__How to complete this task__:
Exact copies of the lines from the start of the records through the line with "It is designed" are what the answer must hold; pictures are not part of it.

__Supplied records__:

-----

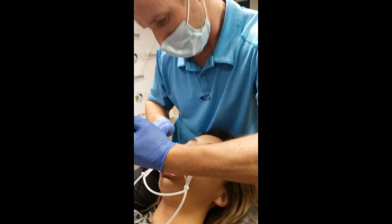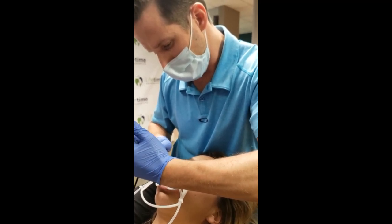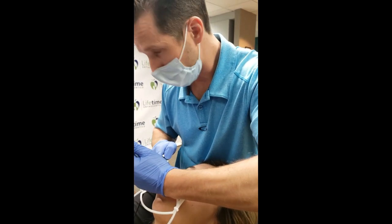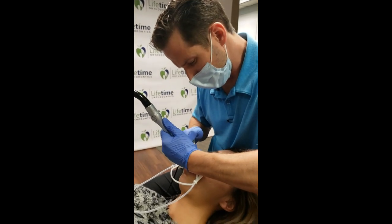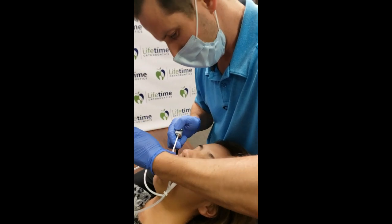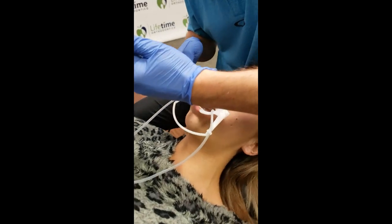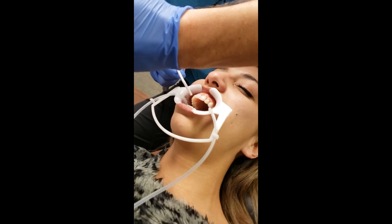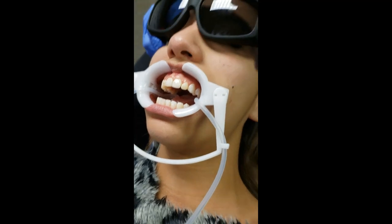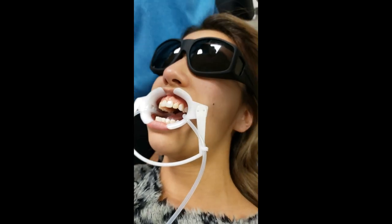One major thing we almost forgot - this is my fault - is that anytime we're using any chemicals or high speed, we need to have safety glasses on. Everything's looking nice and chalky, so we're going to go ahead and paint all the surfaces.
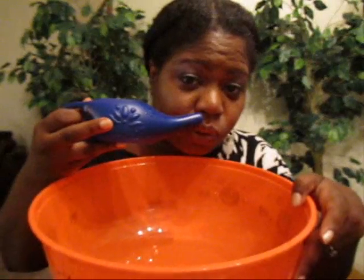With the neti pot I have to place this up to my nostril, tilt my head to the side, and let the water fill up my nasal cavity and come out the other side. Now I'm going to turn my head the other way and do the other side. That's good for allergies, nasal congestion, and sinus congestion. I used to suffer with allergies very badly — every year especially around fall when the weather changes I would come down with strep throat and all kinds of problems, but the neti pot has really changed my life.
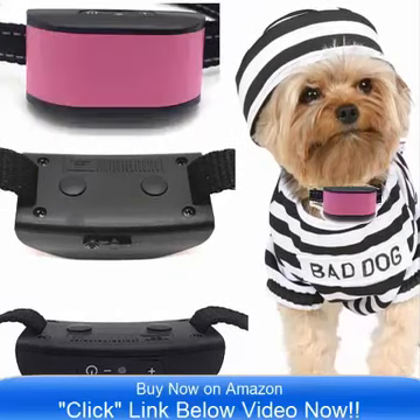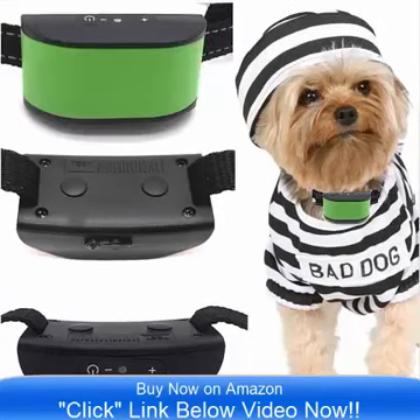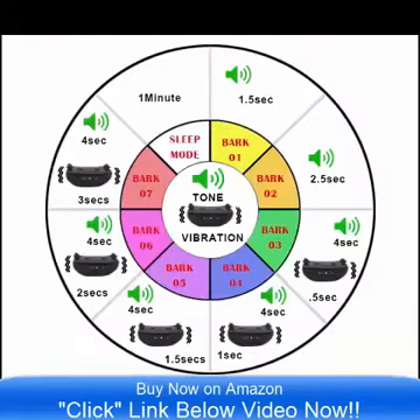It is designed especially for small dogs that are 4 pounds to 12 pounds — it is ideal. This is a rechargeable collar, and that is one of the most unique features about this product.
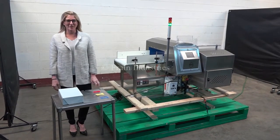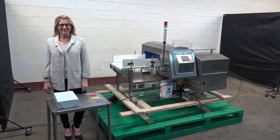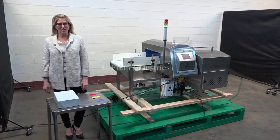Hi, I'm Katie with The Frame Group. Today we're cycling your Loma IQ3 metal detector. We recommend you read the manual in its entirety before powering up the machine. The voltage is currently set to single phase, 120 volts.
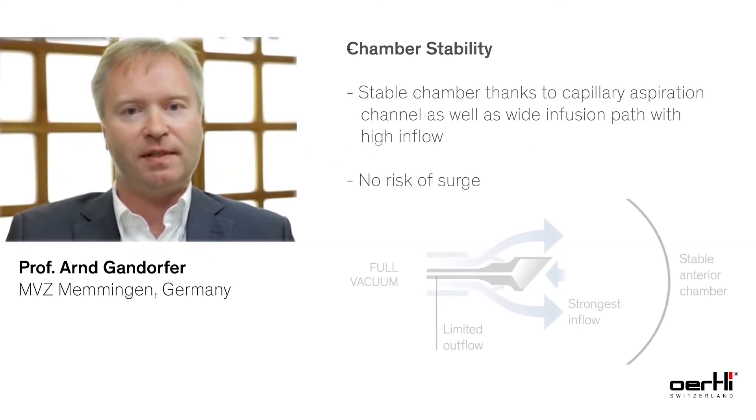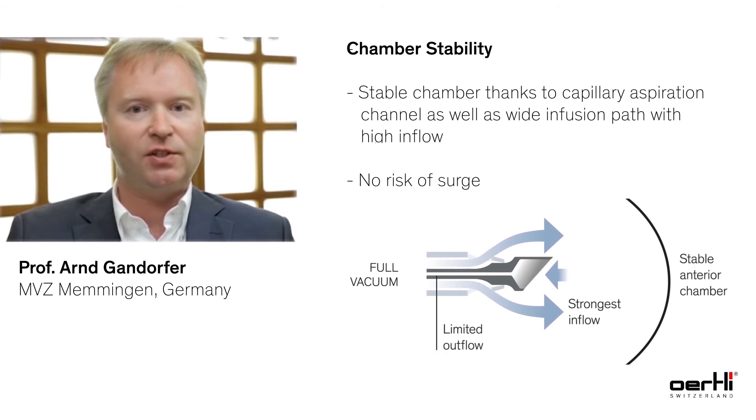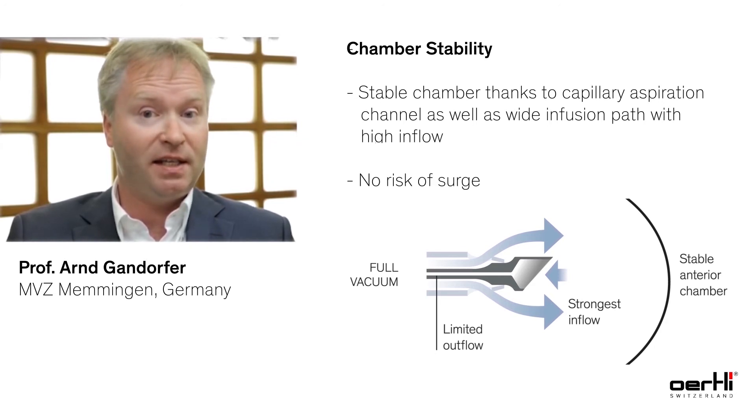Chamber stability is very important during the procedure. You can achieve this by a high flow into the eye, so you must have a high inflow capacity with your instruments.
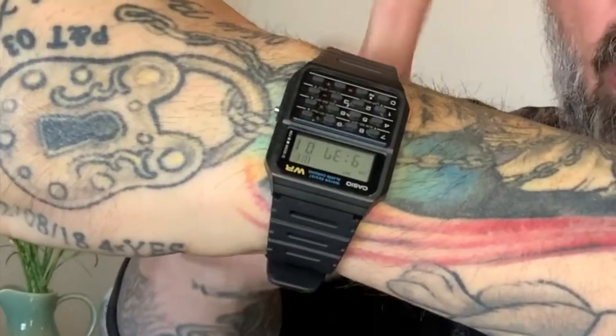For today's watch review, let me give you a little background info. I was born in 1974 — I know, I look pretty good for my age, right? As I was growing up, I was a child of the 80s. One of the greatest things to come out of the 80s that I always wanted was the Casio digital calculator watch.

-----

__Written response__:
One major thing we almost forgot - this is my fault - is that anytime we're using any chemicals or high speed, we need to have safety glasses on. Everything's looking nice and chalky, so we're going to go ahead and paint all the surfaces.
With the neti pot I have to place this up to my nostril, tilt my head to the side, and let the water fill up my nasal cavity and come out the other side. Now I'm going to turn my head the other way and do the other side. That's good for allergies, nasal congestion, and sinus congestion. I used to suffer with allergies very badly — every year especially around fall when the weather changes I would come down with strep throat and all kinds of problems, but the neti pot has really changed my life.
It is designed especially for small dogs that are 4 pounds to 12 pounds — it is ideal. This is a rechargeable collar, and that is one of the most unique features about this product.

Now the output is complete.